Ainsi commencent The Confessions d’Alexandre Zeldin. La femme va lentement accompagner l’ouverture des rideaux découvrant ainsi, dans le lointain, une autre petite scène, celle représentant l’estrade d’une salle des fêtes. Boîte dans la boîte. Scène de la mémoire encastrée dans celle de l’aujourd’hui. On aura vite compris : c’est le théâtre de sa vie que la femme va nous révéler. Un théâtre de la mémoire donc. Elle sera là, à déambuler discrètement ici et là devant ou à côté de l’espace de jeu durant tout le spectacle, presqu’au côté parfois de celle qu’elle fut autrefois. Discrète manière de nous rappeler à notre position de spectateur de l’histoire de sa vie. Une histoire de femme donc qui se déroule dans la deuxième partie du XXe siècle. Cette histoire qui nous est narrée, c’est simplement celle de la mère de l’auteur-metteur en scène Alexander Zeldin dont on connaît le travail toujours réalisé au plus proche de la réalité sociale.
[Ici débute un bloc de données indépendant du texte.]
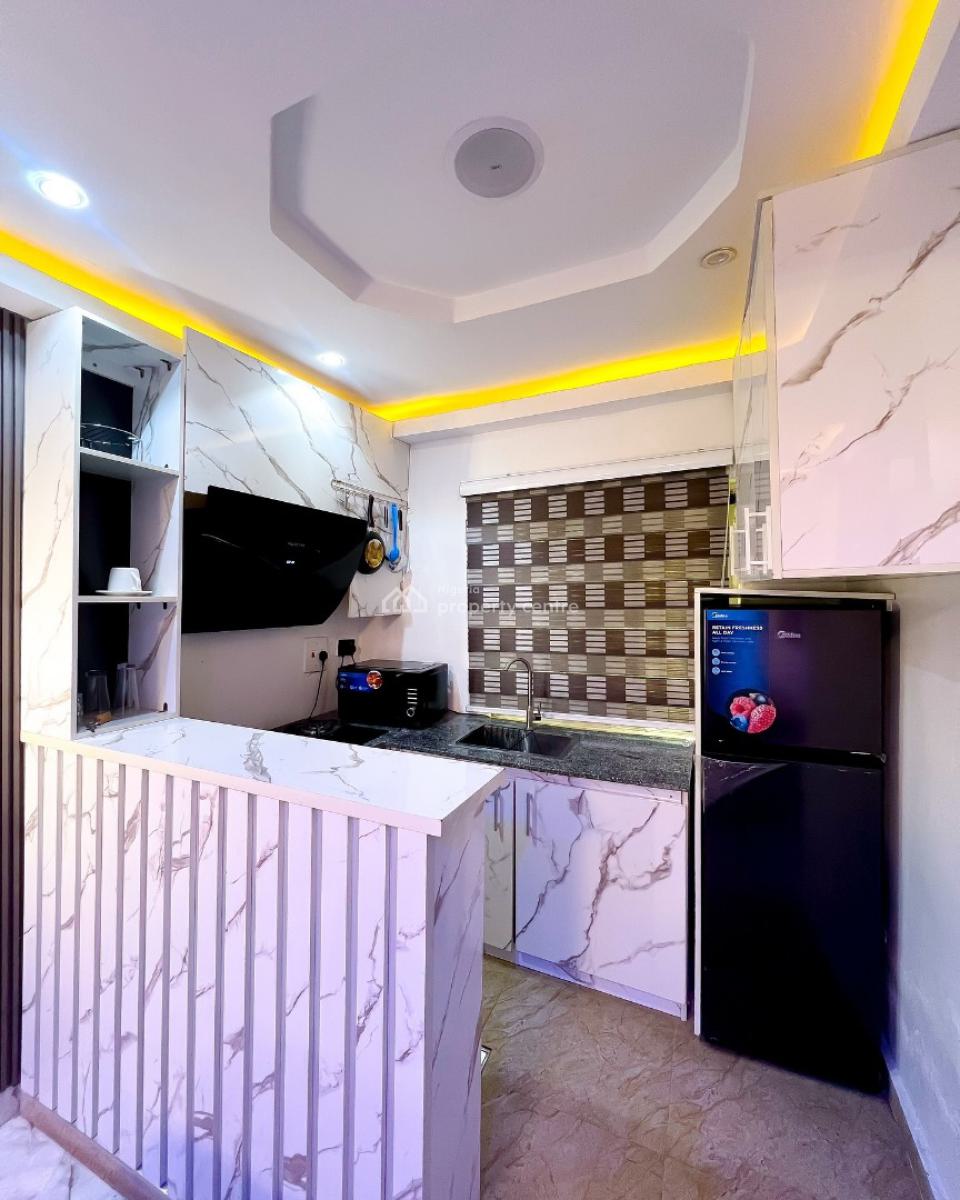 1 Bedroom Apartment with a Good Ambiance, Independence Layout, Enugu, Enugu, Flat / Apartment Short Let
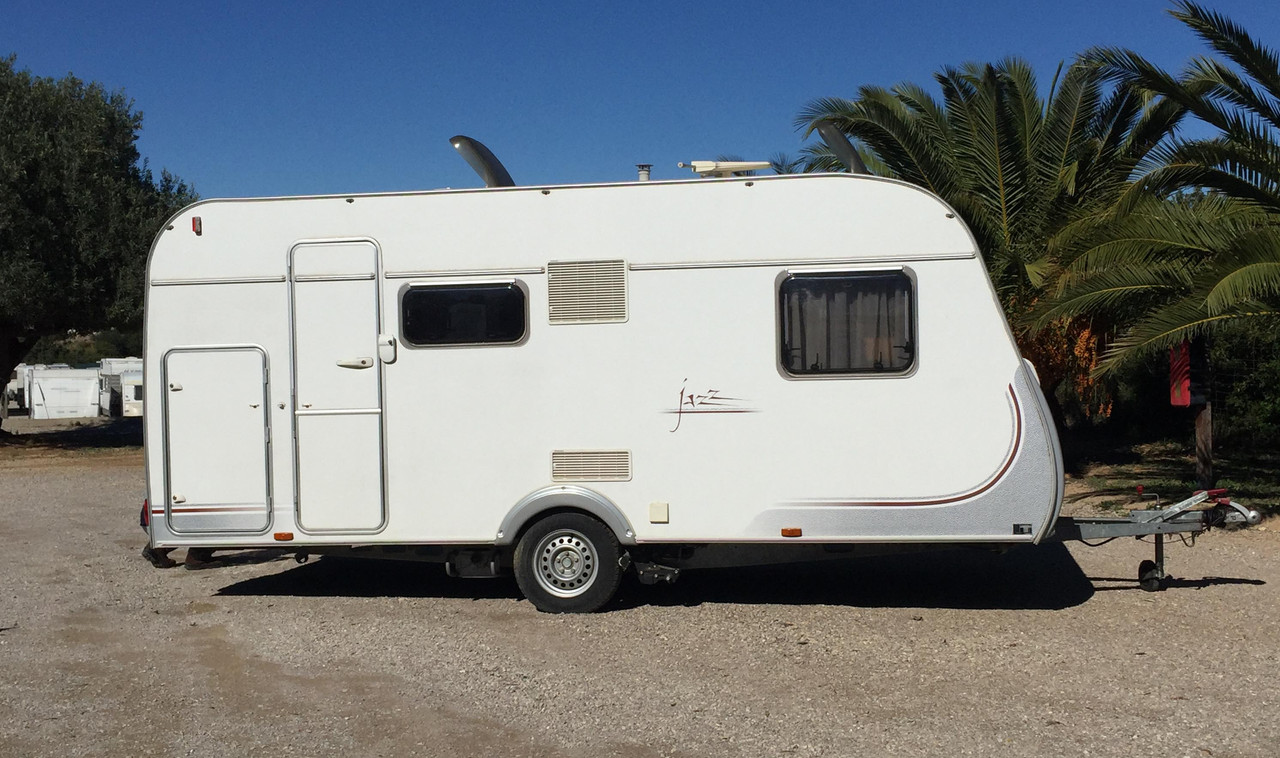 CFAAB9FD-39F9-41E7-A4B8-FF6F7444464D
Une réalité saisie et reproduite ici à partir de tout un travail d’entretiens qu’il a mené auprès de sa mère, sans que l’on puisse dire s’il est d’une totale fidélité – il l’avoue d’ailleurs – ce qui, finalement est de peu d’importance.

Une vie donc qui débute en 1943 en Australie au sein d’une famille humble, avec un père qui aime la peinture et s’y exerce en amateur ; on retrouvera cet amour de la peinture beaucoup plus tard chez sa fille, Alice, dont le rêve est d’apprendre, de découvrir le monde, mais qui se retrouvera prise au piège d’un mariage à 18 ans – une vie normale en somme bien sûr voulue par la mère – avec un homme psycho-rigide qui ira jusqu’à tenter de l’assassiner. Divorce, liberté retrouvée et toujours cette soif d’apprendre, de vivre. Mouvements de toute une époque. Ceux particulièrement de la libération des femmes des années soixante-dix. Rupture après le traumatisme d’un viol) et voyage au loin vers l’Europe en Italie, en France, en Grande-Bretagne… Passons sur les épisodes un tantinet longuets contribuant à cette ouverture au monde, à cette liberté gagnée, l’essentiel n’est peut-être pas tant dans ce parcours pourtant emblématique, il réside davantage dans le minutieux travail qu’a opéré Alexander Zeldin sur cette matière. Avec une équipe de comédiens remarquables de justesse dans les différents rôles autour de la personne d’Alice, Eryn Jean Norvill, qui dans sa manière de traverser sa vie et les embûches parsemées sur son chemin nous émeut au plus haut point, restant toujours dans une sorte de froide (en apparence) détermination. Elle donne à son rôle une pesanteur charnelle étonnante sauvant ainsi un spectacle qui se perd parfois dans d’inutiles redites et n’évite pas des moments « creux » flirtant avec un certain pathos.